Dataset records:
------------------------------------------------------------
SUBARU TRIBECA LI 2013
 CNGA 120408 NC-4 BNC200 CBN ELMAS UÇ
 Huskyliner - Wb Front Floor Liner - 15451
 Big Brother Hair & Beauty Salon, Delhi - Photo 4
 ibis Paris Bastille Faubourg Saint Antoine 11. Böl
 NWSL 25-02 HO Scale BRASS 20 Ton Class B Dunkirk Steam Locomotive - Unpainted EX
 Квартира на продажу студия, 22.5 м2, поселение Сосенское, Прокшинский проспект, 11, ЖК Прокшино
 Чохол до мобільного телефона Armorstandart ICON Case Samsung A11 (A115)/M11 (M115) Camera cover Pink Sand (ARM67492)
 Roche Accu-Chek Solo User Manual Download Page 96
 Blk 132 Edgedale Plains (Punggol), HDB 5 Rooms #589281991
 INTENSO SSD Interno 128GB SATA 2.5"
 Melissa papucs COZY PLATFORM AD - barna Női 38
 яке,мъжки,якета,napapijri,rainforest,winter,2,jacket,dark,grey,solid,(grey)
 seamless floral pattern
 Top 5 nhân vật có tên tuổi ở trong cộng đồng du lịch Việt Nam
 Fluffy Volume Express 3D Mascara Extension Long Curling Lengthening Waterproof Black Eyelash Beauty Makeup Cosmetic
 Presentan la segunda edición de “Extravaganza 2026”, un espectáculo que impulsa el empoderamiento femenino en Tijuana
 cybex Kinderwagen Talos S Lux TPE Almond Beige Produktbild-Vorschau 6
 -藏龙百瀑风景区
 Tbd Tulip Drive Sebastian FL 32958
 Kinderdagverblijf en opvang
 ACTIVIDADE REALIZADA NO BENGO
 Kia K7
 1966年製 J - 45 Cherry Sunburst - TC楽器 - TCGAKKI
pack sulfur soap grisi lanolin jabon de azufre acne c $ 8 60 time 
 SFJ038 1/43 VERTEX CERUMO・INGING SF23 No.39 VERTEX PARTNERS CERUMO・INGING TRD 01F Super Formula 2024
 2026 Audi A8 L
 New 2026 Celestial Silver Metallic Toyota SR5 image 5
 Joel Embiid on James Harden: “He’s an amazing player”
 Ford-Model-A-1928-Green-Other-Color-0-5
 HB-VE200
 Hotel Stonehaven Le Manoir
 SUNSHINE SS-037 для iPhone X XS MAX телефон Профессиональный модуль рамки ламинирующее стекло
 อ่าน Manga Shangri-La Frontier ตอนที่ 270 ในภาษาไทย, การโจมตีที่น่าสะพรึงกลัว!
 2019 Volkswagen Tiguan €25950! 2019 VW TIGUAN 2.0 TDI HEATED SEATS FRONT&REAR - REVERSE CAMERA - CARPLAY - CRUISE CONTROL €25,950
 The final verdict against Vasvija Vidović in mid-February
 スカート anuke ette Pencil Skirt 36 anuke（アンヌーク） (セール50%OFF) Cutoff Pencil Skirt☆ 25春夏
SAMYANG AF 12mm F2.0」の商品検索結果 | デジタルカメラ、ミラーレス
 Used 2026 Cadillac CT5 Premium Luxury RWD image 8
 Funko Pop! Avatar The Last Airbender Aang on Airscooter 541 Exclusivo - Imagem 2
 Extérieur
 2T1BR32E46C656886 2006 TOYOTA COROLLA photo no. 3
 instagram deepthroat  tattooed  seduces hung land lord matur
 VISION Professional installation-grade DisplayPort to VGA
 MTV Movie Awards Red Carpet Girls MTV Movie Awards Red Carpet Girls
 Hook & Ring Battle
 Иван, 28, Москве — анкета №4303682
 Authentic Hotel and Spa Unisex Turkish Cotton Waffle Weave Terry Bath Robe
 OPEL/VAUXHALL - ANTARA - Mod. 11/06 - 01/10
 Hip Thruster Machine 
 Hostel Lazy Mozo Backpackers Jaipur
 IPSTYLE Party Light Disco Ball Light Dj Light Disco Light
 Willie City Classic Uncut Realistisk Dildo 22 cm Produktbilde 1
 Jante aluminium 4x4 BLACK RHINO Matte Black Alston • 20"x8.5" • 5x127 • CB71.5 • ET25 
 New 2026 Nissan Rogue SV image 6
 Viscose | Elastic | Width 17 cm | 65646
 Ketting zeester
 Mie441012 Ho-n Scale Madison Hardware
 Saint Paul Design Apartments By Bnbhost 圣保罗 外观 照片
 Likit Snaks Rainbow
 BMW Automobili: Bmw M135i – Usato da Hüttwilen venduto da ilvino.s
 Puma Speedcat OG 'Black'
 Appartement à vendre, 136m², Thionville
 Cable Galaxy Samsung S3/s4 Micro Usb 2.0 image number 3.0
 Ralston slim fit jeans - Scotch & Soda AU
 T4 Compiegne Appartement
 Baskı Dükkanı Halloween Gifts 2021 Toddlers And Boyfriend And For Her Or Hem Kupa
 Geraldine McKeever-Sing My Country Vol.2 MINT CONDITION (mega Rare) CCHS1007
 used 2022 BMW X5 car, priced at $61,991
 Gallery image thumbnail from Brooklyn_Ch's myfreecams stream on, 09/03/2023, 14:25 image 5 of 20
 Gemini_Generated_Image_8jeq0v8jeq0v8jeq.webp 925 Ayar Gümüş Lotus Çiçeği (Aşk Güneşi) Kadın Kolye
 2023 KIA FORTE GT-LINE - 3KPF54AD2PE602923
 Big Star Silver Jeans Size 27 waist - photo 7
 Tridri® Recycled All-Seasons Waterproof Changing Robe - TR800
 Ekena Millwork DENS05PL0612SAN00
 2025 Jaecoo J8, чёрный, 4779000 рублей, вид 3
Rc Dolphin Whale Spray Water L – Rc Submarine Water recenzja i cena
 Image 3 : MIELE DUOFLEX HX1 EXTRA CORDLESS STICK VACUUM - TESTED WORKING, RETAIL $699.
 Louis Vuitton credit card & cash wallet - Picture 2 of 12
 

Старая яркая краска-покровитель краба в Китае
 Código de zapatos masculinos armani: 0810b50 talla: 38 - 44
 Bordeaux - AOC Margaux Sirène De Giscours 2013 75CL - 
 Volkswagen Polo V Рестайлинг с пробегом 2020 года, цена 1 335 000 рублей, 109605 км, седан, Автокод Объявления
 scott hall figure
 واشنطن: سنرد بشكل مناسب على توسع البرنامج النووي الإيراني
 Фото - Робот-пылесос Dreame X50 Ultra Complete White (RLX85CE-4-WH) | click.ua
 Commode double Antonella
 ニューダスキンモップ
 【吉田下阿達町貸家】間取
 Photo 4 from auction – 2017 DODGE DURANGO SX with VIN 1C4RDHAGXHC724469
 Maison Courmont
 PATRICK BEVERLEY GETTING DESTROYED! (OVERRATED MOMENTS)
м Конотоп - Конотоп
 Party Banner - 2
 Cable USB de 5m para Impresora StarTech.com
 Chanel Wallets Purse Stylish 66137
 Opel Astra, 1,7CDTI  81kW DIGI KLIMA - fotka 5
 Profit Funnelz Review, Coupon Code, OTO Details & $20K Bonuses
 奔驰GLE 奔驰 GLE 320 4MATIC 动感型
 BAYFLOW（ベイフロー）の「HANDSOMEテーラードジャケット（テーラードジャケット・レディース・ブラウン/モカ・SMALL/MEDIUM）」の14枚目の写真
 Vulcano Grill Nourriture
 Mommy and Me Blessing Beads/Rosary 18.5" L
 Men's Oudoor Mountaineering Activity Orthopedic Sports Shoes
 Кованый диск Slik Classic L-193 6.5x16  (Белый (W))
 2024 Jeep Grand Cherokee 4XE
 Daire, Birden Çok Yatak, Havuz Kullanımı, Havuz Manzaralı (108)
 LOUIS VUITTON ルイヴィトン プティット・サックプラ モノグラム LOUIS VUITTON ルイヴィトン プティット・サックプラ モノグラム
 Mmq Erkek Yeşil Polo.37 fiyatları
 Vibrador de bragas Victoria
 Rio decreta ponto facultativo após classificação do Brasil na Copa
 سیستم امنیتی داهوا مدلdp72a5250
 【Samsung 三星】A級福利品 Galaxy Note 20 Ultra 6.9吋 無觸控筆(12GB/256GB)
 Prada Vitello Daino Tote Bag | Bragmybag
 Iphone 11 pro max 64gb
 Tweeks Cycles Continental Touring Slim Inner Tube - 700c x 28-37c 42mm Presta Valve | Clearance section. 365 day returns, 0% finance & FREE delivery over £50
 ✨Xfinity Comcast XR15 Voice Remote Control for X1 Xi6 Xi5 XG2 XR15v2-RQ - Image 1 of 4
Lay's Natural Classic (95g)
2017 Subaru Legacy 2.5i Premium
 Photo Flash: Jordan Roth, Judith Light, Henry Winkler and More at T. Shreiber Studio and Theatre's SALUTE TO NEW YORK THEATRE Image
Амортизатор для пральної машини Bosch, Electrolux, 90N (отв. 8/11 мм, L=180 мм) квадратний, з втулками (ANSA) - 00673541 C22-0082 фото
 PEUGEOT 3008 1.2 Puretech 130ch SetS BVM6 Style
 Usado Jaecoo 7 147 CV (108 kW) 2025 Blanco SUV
------------------------------------------------------------
## TASK ITEM
Please write out exactly the line containing "Mmq Erkek Yeşil Polo.37 fiyatları" and every line after it through the end of the records, nothing more.

## PROBLEM SOLUTION
 Mmq Erkek Yeşil Polo.37 fiyatları
 Vibrador de bragas Victoria
 Rio decreta ponto facultativo após classificação do Brasil na Copa
 سیستم امنیتی داهوا مدلdp72a5250
 【Samsung 三星】A級福利品 Galaxy Note 20 Ultra 6.9吋 無觸控筆(12GB/256GB)
 Prada Vitello Daino Tote Bag | Bragmybag
 Iphone 11 pro max 64gb
 Tweeks Cycles Continental Touring Slim Inner Tube - 700c x 28-37c 42mm Presta Valve | Clearance section. 365 day returns, 0% finance & FREE delivery over £50
 ✨Xfinity Comcast XR15 Voice Remote Control for X1 Xi6 Xi5 XG2 XR15v2-RQ - Image 1 of 4
Lay's Natural Classic (95g)
2017 Subaru Legacy 2.5i Premium
 Photo Flash: Jordan Roth, Judith Light, Henry Winkler and More at T. Shreiber Studio and Theatre's SALUTE TO NEW YORK THEATRE Image
Амортизатор для пральної машини Bosch, Electrolux, 90N (отв. 8/11 мм, L=180 мм) квадратний, з втулками (ANSA) - 00673541 C22-0082 фото
 PEUGEOT 3008 1.2 Puretech 130ch SetS BVM6 Style
 Usado Jaecoo 7 147 CV (108 kW) 2025 Blanco SUV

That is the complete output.